En realidad, esta mañana ha llamado todo el mundo menos la policía. Helen ha mandado una pizza y media docena de rosas amarillas, y desde el club me han advertido que unos periodistas desean hacerme algunas preguntas. Dios mío, yo no he matado a nadie. ¿Por qué alguien se ha empeñado en convertirme en un héroe? Qué dulce el sabor de la culpa cuando uno es inocente. Ésa ha sido la herencia que mi padre me dejó: el placer de sentirse exaltado al castigo. De hecho, tengo que reconocer que mi mejor inspiración musical nace de ese poso de pecado. O, tal vez, de la conciencia de que un día volveré a ser puro. Nunca he tocado mejor que anoche, nunca he exorbitado los sentidos con tanta precisión, nunca mi alma ha traspasado el metal del saxo con tanta espiritualidad. La sala estaba llena de córneas en la oscuridad y entre ellas las de Helen eran las más blancas. Los del cuarteto fueron los primeros en aplaudirme, de pie en la tarima, antes de iniciar la sesión; y el público me recibió cariñosamente aunque muchos en la sala aún ignoraban que iban a ser deleitados por un asesino. Primero quise interpretar Blues for Helen. Sabía que con ello abriría el corazón de mi chica esa madrugada en la cama, y luego hice sonar Prisoner of Love, una melodía que traía elaborada desde la adolescencia, silbada o recreada mil veces con el filo de una hoja en el desierto. La lengua de fuego que yo exprimía de la madera culebreaba por todos los vientres del recinto, atravesaba el murmullo de la clientela, el campanilleo del hielo contra los cristales de licor. El saxo gemía dentro de la bruma de alcohol y mientras ejecutaba ese lamento recordé la forma en que el paraíso perdido se reveló ante mis ojos. La promesa de mi madre se había cumplido. Un día, aquella caravana de hombres azules acertó a pasar muy cerca del oasis donde estuvo un tiempo detenida a causa de una tormenta de arena. La guiaba un príncipe negro, de grandes labios morados cuya piel tenía una transparencia azulada. Se llamaba Elfi. Su rostro era distinguido y su porte expandía una aura de majestad aunque llevaba el turbante y la capa cubierta de polvo, el cual no lograba ocultar el color escarlata de sus vestiduras. A su servicio iban camelleros, porteadores, dragomanes, expertos en tratos y algunas mujeres de extraña belleza. Entre todos hacían el número de ciento diez. Mi madre pidió al príncipe negro que me tomara consigo después de haber comprobado mis gracias.

– ¿Cómo te llamas?

– Caín.

– ¿Qué sabrías hacer para complacerme?

– Es un héroe con el puñal alteza -exclamó mi madre.

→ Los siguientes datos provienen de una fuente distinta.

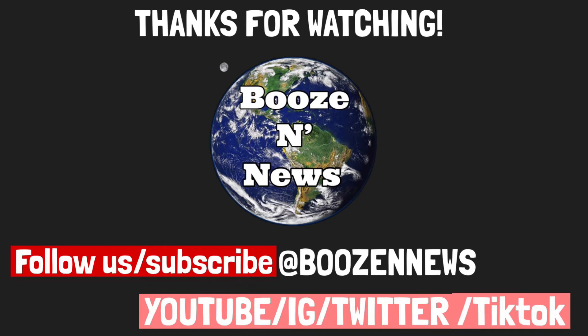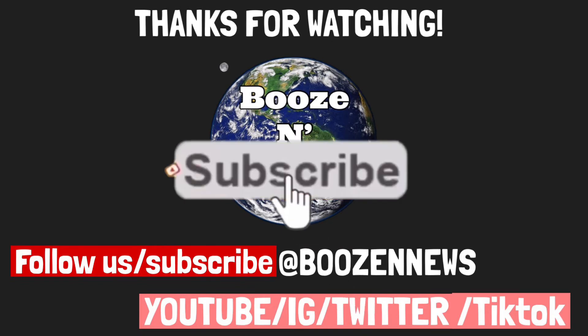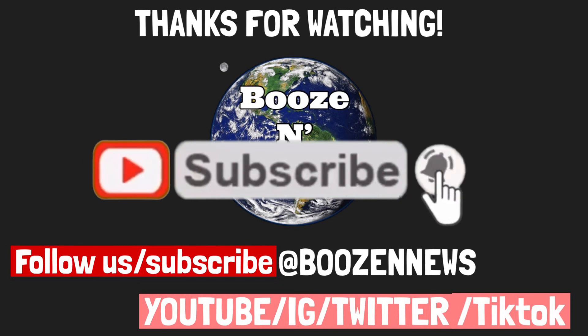Thanks for watching Booze and New Shots. Follow us and subscribe at Booze and News on YouTube, Instagram, Twitter, and TikTok. Thank you.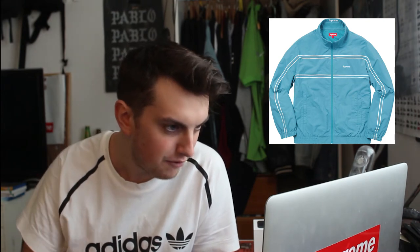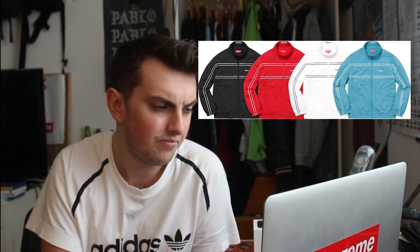We have the piping track jacket — a basic track jacket with a small Supreme box logo on the chest and lines running across it. I think they might be 3M but I'm not sure. On the back there's a big Supreme logo. It comes in four colorways: teal blue, white, red, and black — I'm sure those will go really quickly. It's a fire track jacket but I don't really wear track jackets, so it's a pass for me.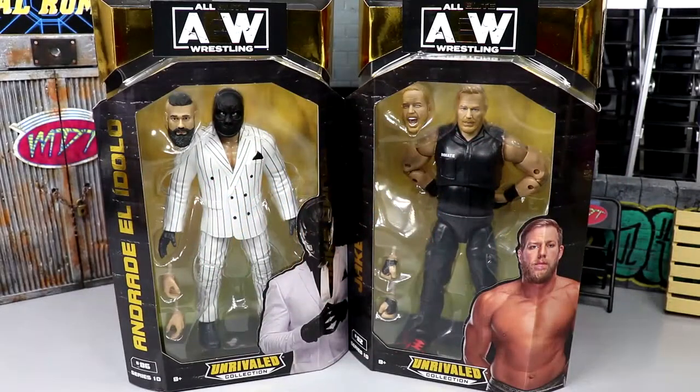Welcome back to another My Name Toys video. Today we're back with another two-in-one AEW Unrivaled review on the brand new AEW Unrivaled Collection Series 10 Andrade and Jake Hager figures. I'm actually excited for both of these. I know a lot of people aren't really caring for the Jake Hager but I'm super excited for it. I'm intrigued to see what we have going on - I have some ideas for potential stuff. I think both of these guys have great potential for epic fix-ups.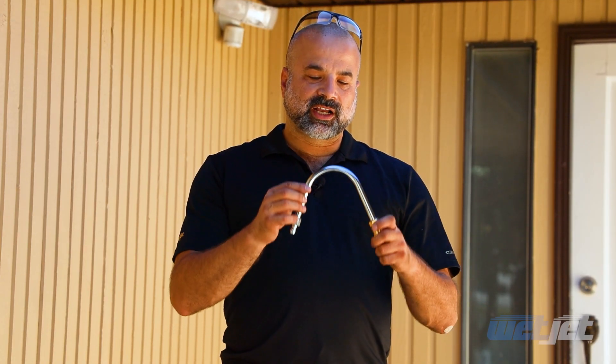Hi, this is Chris. On this video I'll go over the WedgeJet Gutter Cleaner Attachment that you use on your pressure washer.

– Dejad que hable él -dijo el príncipe.

– Soy experto en semillas y venenos de áspid. También sé tallar máscaras, señor. Y en cualquier desafío con tigres o panteras siempre he salido indemne. Amo la belleza.

– ¿A qué clase de dios adoras?

– Al dios inmediato.

– ¿Quién es?

– El propio terror o arrojo que uno lleva dentro. Dios es nuestra ignorancia.

– Sabes mucho y aún eres adolescente. ¿Quién te ha enseñado esas cosas?